It's long been obvious that most Democrats in Congress do not want to "waste political capital" on impeach-Bush hearings given the small amount of time remaining in his term, for one thing. But large segments of the voting public might, upon learning of Cheney's role in prewar lies, want the latter's pound of flesh--anything to settle their stomachs. This might well lead to Cheney's resignation "for health reasons" and the installation of a new Veep in the months before Bush's term is over, a likelihood because (1) it might give that new office-holder a leg up on a run for the White House in 2008; and (2) because installation of a new Vice President would remove the prospect of a President Pelosi, should anything happen to Bush.

How likely is all of this? Stay tuned. To quote Betty Davis, "Fasten your seatbelts. It's going to be a bumpy night."

Monday, January 22, 2007

Don't say I never did you no favors

because I've now turned you on to this site, that features fine writing about matters political, most recently this brilliant essay by this brilliant man.

Sunday, January 21, 2007

Shoot first and ask questions later?

Five G.I.'s died when fired on by Iraqis who were dressed in Iraqi military uniforms and driving a vehicle that appeared to be a diplomatic car, so that the U.S. soldiers might have dropped their guard, mistaking its occupants for American dignitaries.

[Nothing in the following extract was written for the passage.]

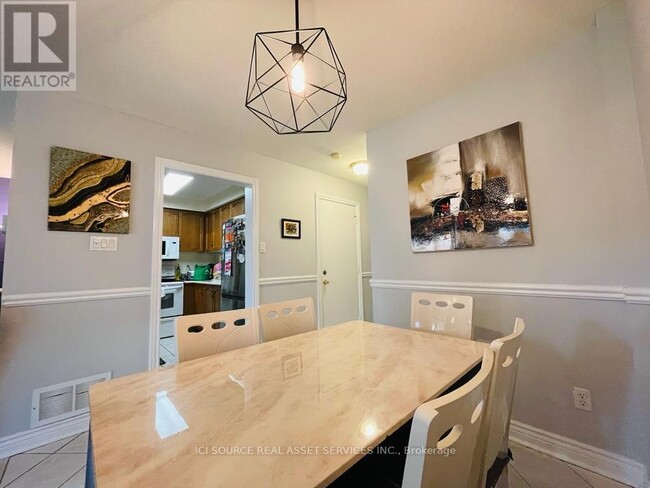 Building Photo - 2880 Headon Forest Dr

As a result, real diplomatic cars are now suspect, so don't be surprised if our troops kill a few of our own statesmen in the coming weeks.

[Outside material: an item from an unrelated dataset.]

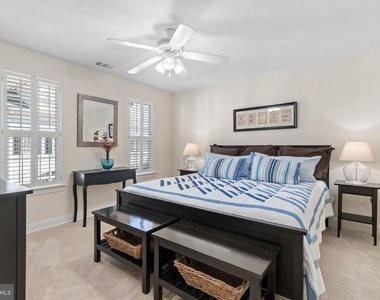 5114 Oneill Lane - Photo Thumbnail 17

Questions: How do you fight such an enemy? How can you blame our troops for being trigger-happy? How do you train our soldiers, or Iraqi soldiers, to avoid such attacks, while still following orders to patrol hostile neighborhoods? How do Iraqis avoid even the slightest appearance of insurgency, when any move--speeding toward or avoiding a roadblock because it might be kidnappers; driving too fast; driving too slow; not following U.S. soldiers' commands (in English) instantly; etc.--could lead to being shot by our troops?

This quagmire isn't just Bush's. It's an ugly mess for our troops, the Iraqi civilians and army and police. It's our second-worst nightmare, second only to the dreaded "ground war in Asia"--and it's catching up fast.

Death wish

Bush must have one. Really. Among his proposals, to be presented in his State of the Union address next week, is a "dead on arrival" plan to tax some employees (middle class ones) on a portion of their health insurance benefits, to use those tax revenues to make up for tax deductions to be granted to those who pay insurance premiums out of their own pocket. (He's also going to address the "immigration issue"--the one issue he may find acceptable to the Democratic congress, but which will piss off his "base" completely.)

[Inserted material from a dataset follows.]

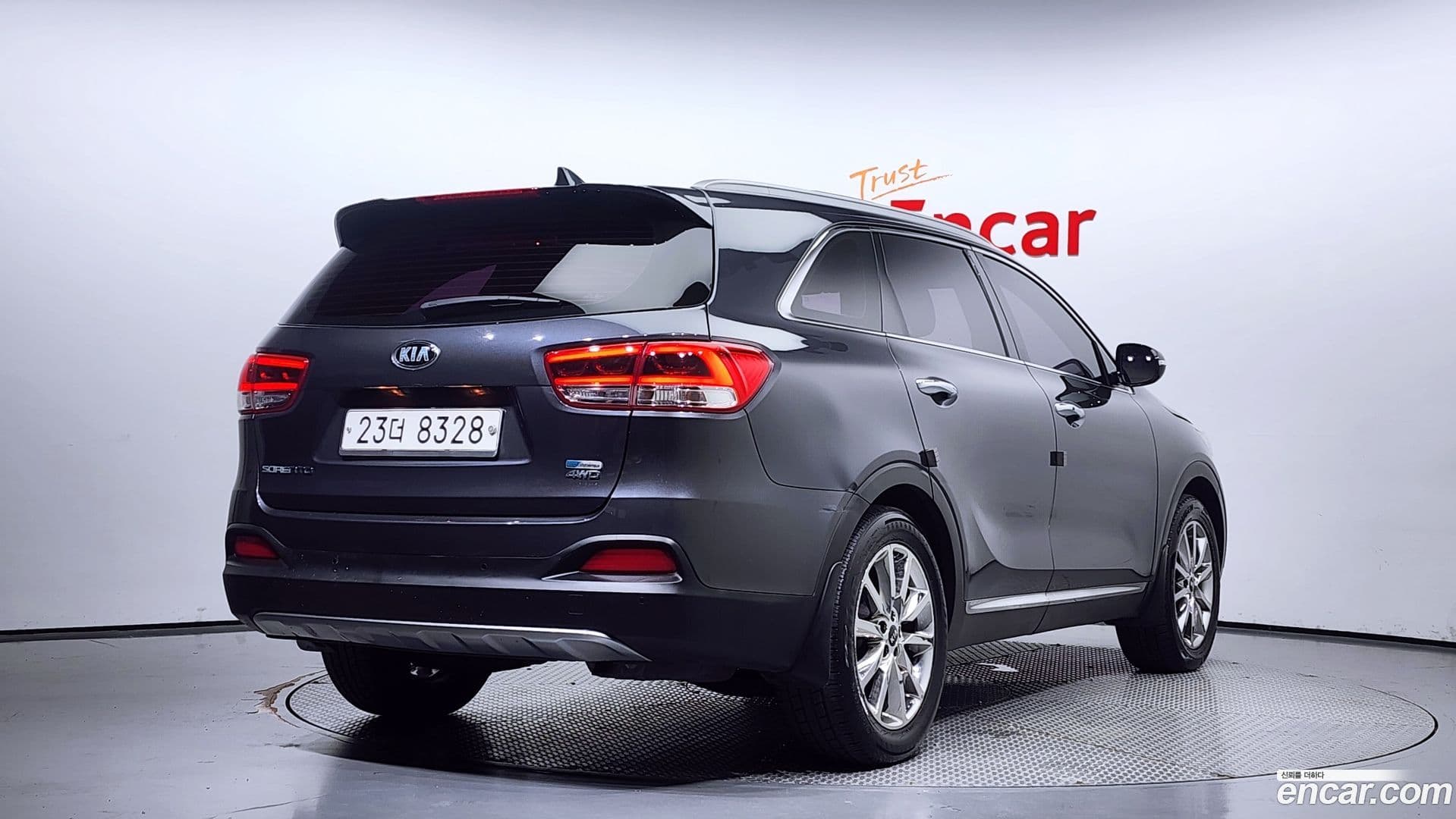 Main__Slider__Photo:Sorento Kia 2014.9-0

The health-insurance plan is so insidious it's hard to capture in words. Imagine an employee whose employer-paid plan costs more than a certain government-approved amount, and hence the excess becomes taxable income to the employee. The employee then not only ends up paying federal income tax on money that never comes to him in cash, but hopefully not in benefits either, since any sound-minded person wants not to have health problems, seeks not to incur health costs. Furthermore, Bush's plan will cause a race to the bottom in employer health plans, with employees now joining employers in seeking cheaper, and hence less extensive, plans. The result will be less coverage for employees who have health benefits on the job; while subsidizing those who have no insurance by allowing a tax deduction for their payments. But the latter, recall, would have to have significant enough income to benefit from such a deduction--and who would those be? Surely not the poor, since they hardly pay any income tax in any event. All that would happen is that some middle-class workers would pay for others' benefits.

Now there's a "compassionate conservative" for you.